Required work:
Return exactly the final stretch of the records below, opening with the line that contains "(Marilyn Monroe-inspired elven" and closing with the last line.

Data to examine:
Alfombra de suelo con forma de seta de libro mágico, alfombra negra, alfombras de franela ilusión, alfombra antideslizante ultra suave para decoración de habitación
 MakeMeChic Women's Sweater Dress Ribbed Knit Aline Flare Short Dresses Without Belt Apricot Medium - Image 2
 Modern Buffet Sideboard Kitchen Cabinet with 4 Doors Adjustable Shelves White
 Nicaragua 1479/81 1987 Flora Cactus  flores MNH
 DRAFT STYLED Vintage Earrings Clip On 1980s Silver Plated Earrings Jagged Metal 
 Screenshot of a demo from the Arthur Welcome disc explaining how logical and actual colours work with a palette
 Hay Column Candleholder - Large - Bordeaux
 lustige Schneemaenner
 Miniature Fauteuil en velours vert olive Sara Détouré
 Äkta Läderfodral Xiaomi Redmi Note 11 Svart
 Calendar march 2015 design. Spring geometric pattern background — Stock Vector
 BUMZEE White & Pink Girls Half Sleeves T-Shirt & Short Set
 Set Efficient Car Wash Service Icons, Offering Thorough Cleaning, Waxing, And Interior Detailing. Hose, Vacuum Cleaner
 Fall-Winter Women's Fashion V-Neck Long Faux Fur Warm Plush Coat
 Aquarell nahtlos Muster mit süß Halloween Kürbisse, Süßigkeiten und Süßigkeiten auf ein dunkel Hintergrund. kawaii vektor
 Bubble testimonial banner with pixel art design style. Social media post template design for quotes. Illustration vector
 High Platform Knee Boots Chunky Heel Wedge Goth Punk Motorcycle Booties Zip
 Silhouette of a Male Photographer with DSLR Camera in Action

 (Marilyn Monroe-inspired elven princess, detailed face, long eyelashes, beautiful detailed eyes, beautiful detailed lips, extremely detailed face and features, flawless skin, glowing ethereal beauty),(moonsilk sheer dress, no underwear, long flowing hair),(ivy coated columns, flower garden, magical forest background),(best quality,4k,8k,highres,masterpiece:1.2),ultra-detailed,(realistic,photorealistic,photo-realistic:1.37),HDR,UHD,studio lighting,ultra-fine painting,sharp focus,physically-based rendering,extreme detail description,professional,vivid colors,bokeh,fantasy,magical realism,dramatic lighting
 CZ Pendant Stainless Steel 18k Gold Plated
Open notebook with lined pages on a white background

Problem solution:
 (Marilyn Monroe-inspired elven princess, detailed face, long eyelashes, beautiful detailed eyes, beautiful detailed lips, extremely detailed face and features, flawless skin, glowing ethereal beauty),(moonsilk sheer dress, no underwear, long flowing hair),(ivy coated columns, flower garden, magical forest background),(best quality,4k,8k,highres,masterpiece:1.2),ultra-detailed,(realistic,photorealistic,photo-realistic:1.37),HDR,UHD,studio lighting,ultra-fine painting,sharp focus,physically-based rendering,extreme detail description,professional,vivid colors,bokeh,fantasy,magical realism,dramatic lighting
 CZ Pendant Stainless Steel 18k Gold Plated
Open notebook with lined pages on a white background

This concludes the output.